◆ The problem
Please copy the listing that follows exactly, leaving out any pictures.

-----

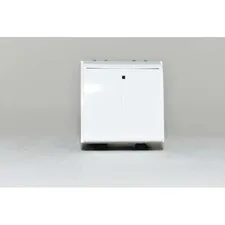2CSK1426CH ABB Clear Universal Badge Switch with Location Light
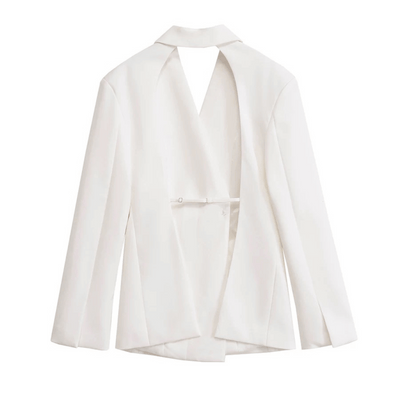 "Tekya" Blazer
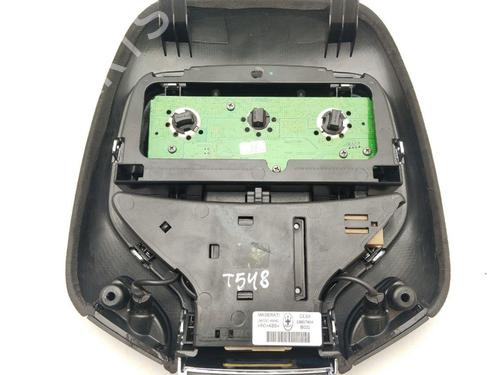 Interior roof light MASERATI QUATTROPORTE VI 3.8 GT S | BP28919580I8 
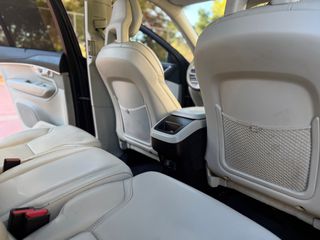 Volvo XC 90 2021 Inscription,B5,Panorama,7Θεσιο,Navi,360,Facelift-thumb-34
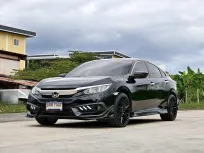 HONDA CIVIC FC​ 1.8 EL A/T ปี 2016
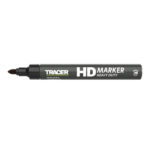 TRACER Μαρκαδόρος ανεξίτηλος βαρέως τύπου AHD1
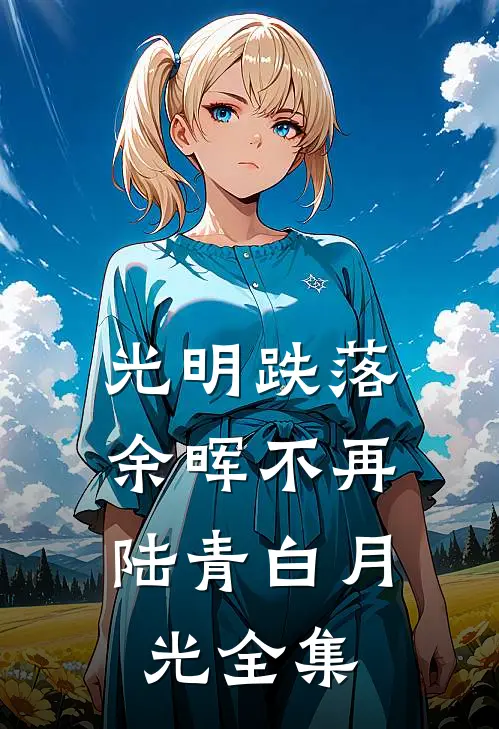 光明跌落，余晖不再陆青白月光 全集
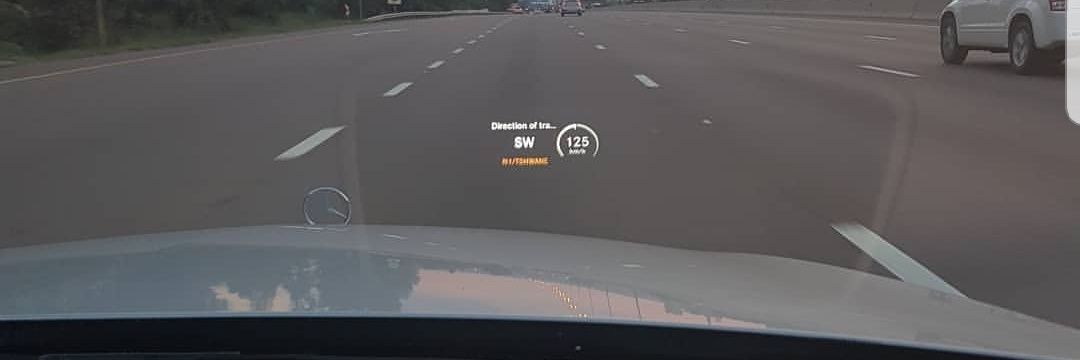 gingerlovesBenz's profile banner image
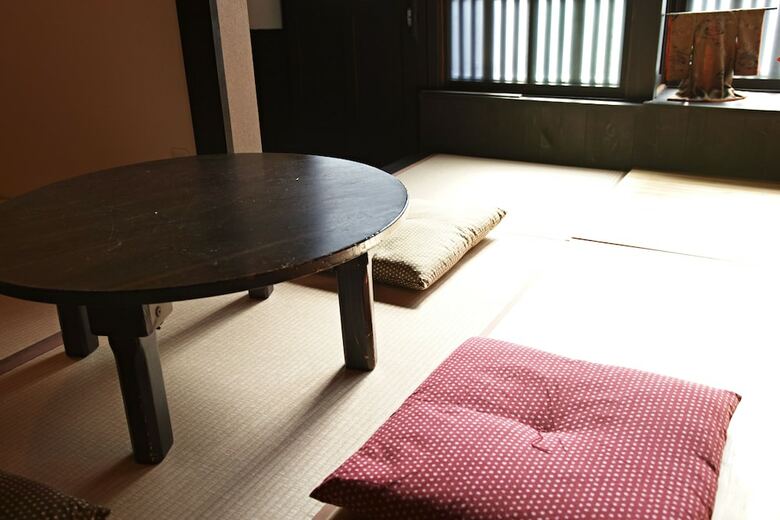 Kyoto Machiya Saikyo-inn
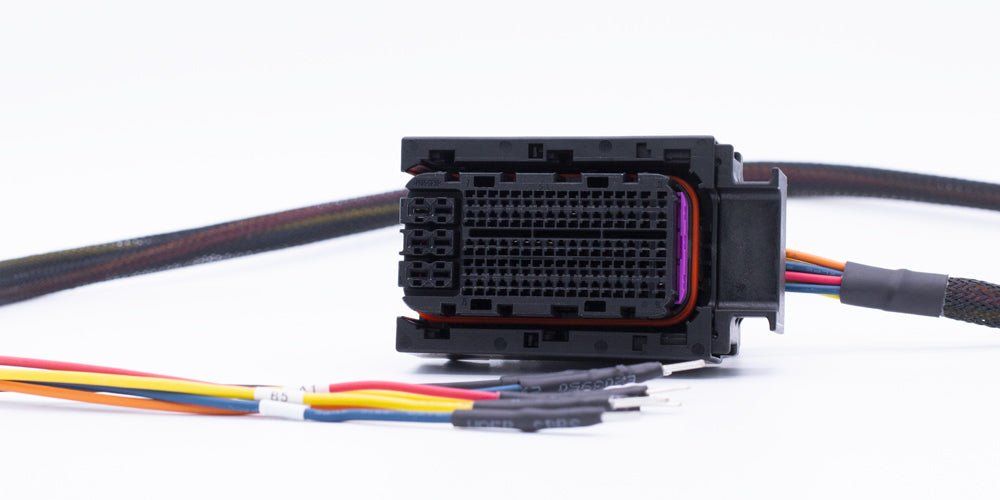 Cable de conexión: FLEXBox a Marelli MM10J - Magic Motor Sport España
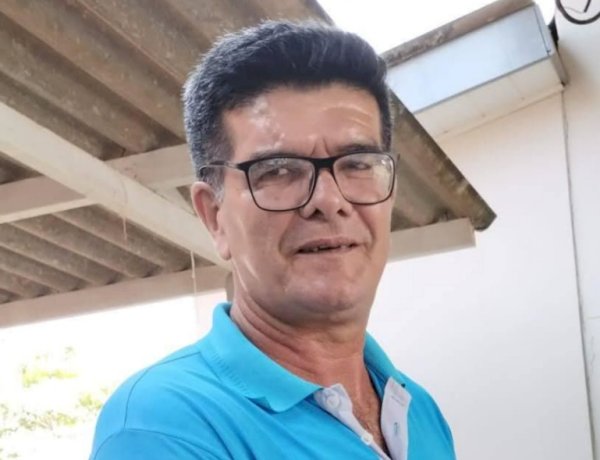 CEREJEIRAS SE DESPEDE DO PROFESSOR HUMBERTO TEIXEIRA, PIONEIRO E REFERÊNCIA NA EDUCAÇÃO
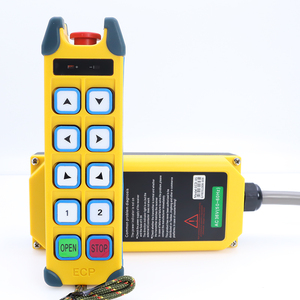 La bonne distance de contrôle de vente peut être une télécommande industrielle personnalisée - Product Image 2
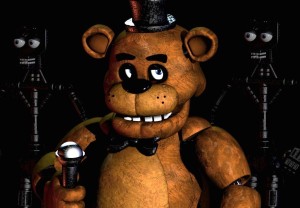 Five Nights at Freddy's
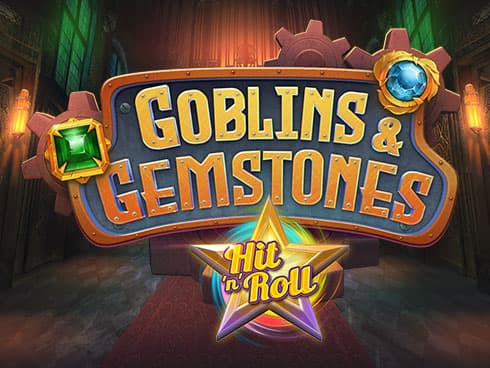 Goblins and Gemstones: Hit 'n' Roll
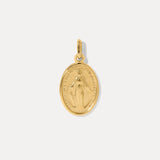 Hey Mary Pendant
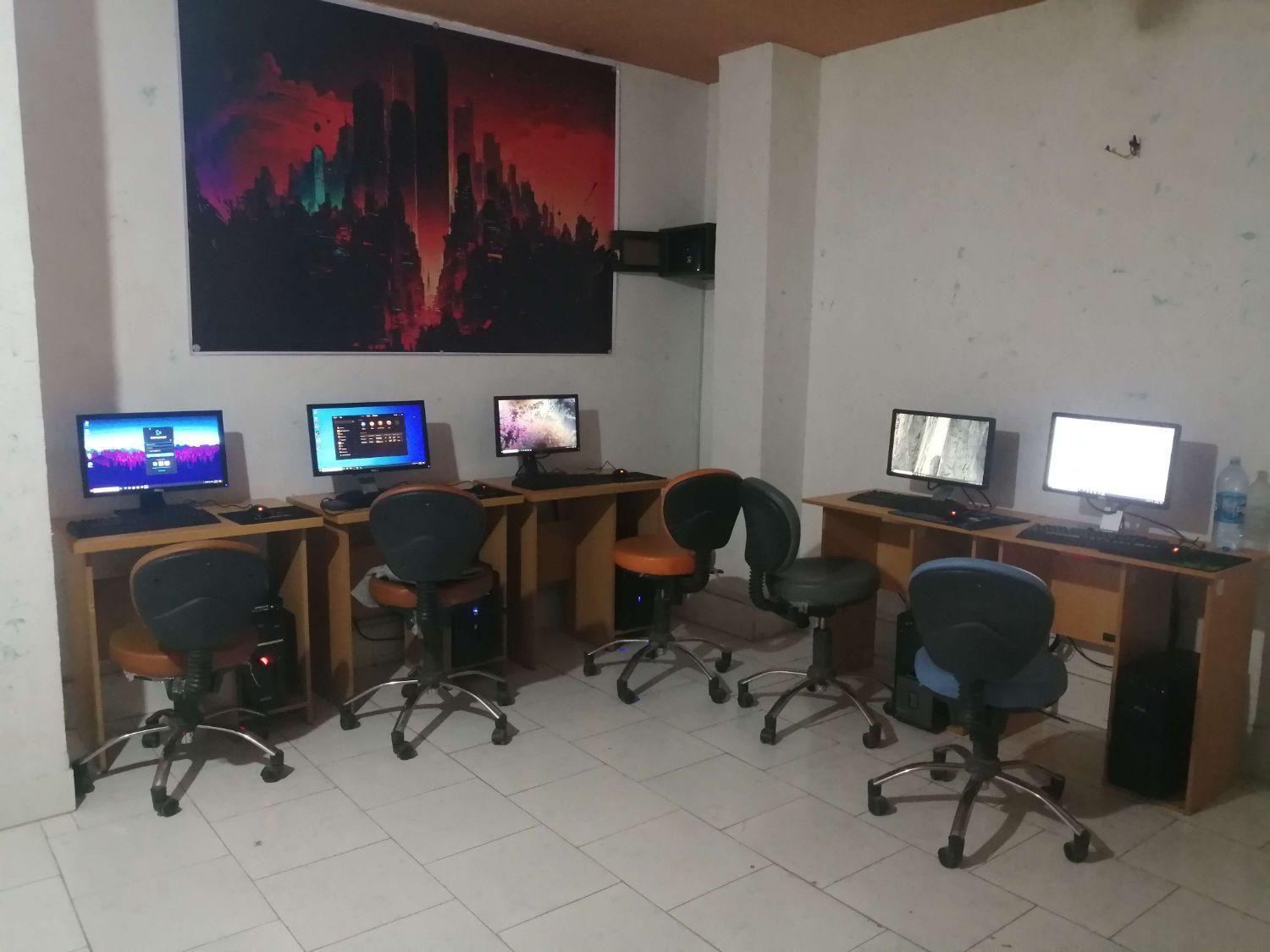 کار با کامپیوتر با آموزش کامل موسوی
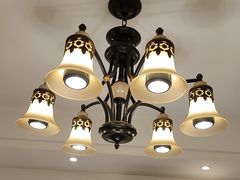 -沈家花园如皋菜(君御豪庭店)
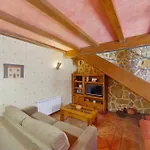 Acogedora Casa En El Pueblo De Gredos Ruralrut A Solo 1 Hora De Madrid, Zonas De Bano A Pocos Metros, Reservas Naturales, Casa Completa Con Hidromasaje Y Aire Acondicionado Вилла Эль-Тьембло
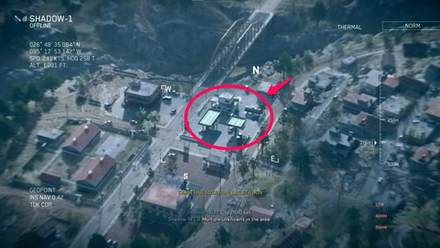 hardpoint 1 modern warfare 2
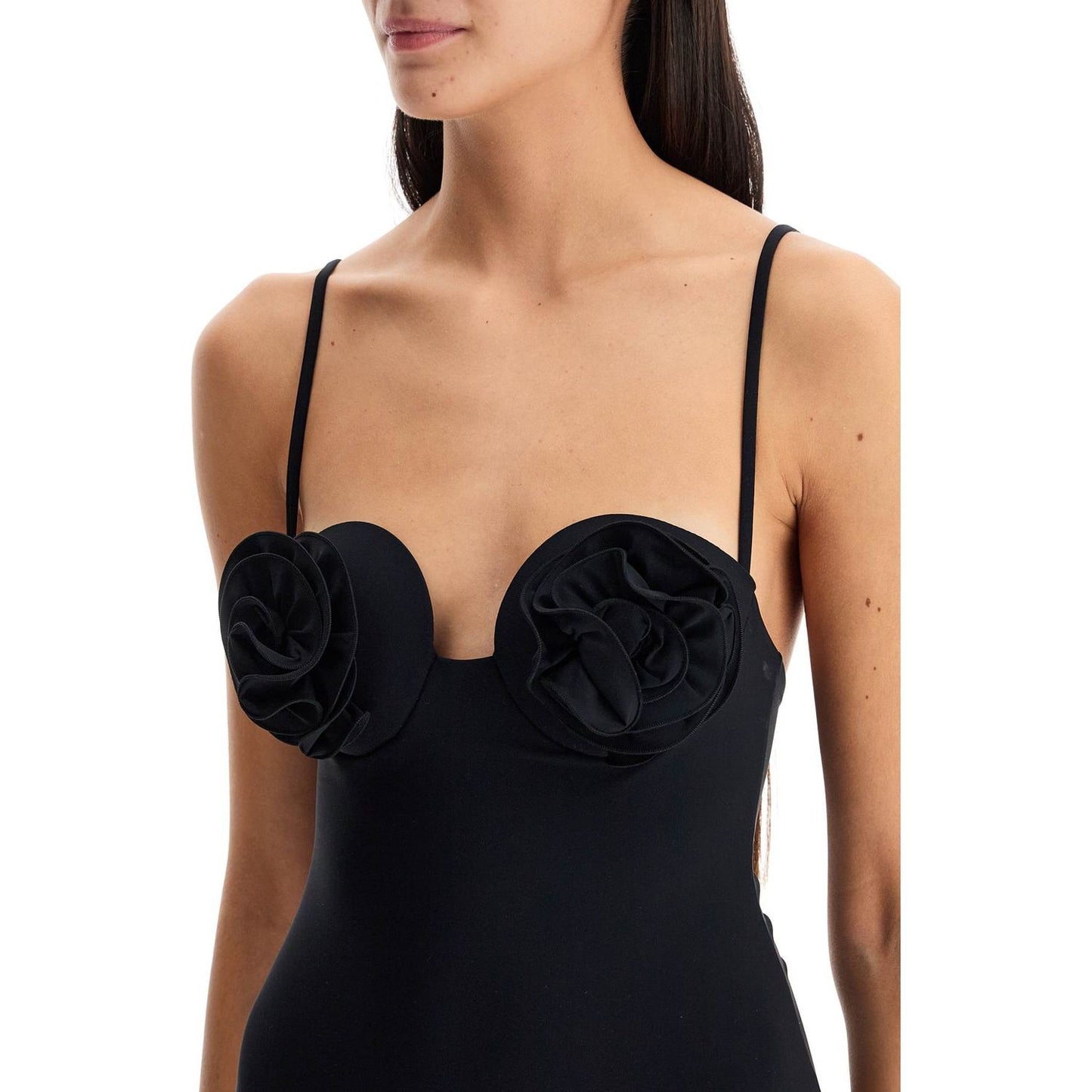 Magda Butrym one-piece flower swims Beachwear & underwear Magda Butrym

-----

◆ Result of this task
2CSK1426CH ABB Clear Universal Badge Switch with Location Light
 "Tekya" Blazer
 Interior roof light MASERATI QUATTROPORTE VI 3.8 GT S | BP28919580I8 
 Volvo XC 90 2021 Inscription,B5,Panorama,7Θεσιο,Navi,360,Facelift-thumb-34
 HONDA CIVIC FC​ 1.8 EL A/T ปี 2016
 TRACER Μαρκαδόρος ανεξίτηλος βαρέως τύπου AHD1
 光明跌落，余晖不再陆青白月光 全集
 gingerlovesBenz's profile banner image
 Kyoto Machiya Saikyo-inn
 Cable de conexión: FLEXBox a Marelli MM10J - Magic Motor Sport España
 CEREJEIRAS SE DESPEDE DO PROFESSOR HUMBERTO TEIXEIRA, PIONEIRO E REFERÊNCIA NA EDUCAÇÃO
 La bonne distance de contrôle de vente peut être une télécommande industrielle personnalisée - Product Image 2
 Five Nights at Freddy's
 Goblins and Gemstones: Hit 'n' Roll
 Hey Mary Pendant
 کار با کامپیوتر با آموزش کامل موسوی
 -沈家花园如皋菜(君御豪庭店)
 Acogedora Casa En El Pueblo De Gredos Ruralrut A Solo 1 Hora De Madrid, Zonas De Bano A Pocos Metros, Reservas Naturales, Casa Completa Con Hidromasaje Y Aire Acondicionado Вилла Эль-Тьембло
 hardpoint 1 modern warfare 2
 Magda Butrym one-piece flower swims Beachwear & underwear Magda Butrym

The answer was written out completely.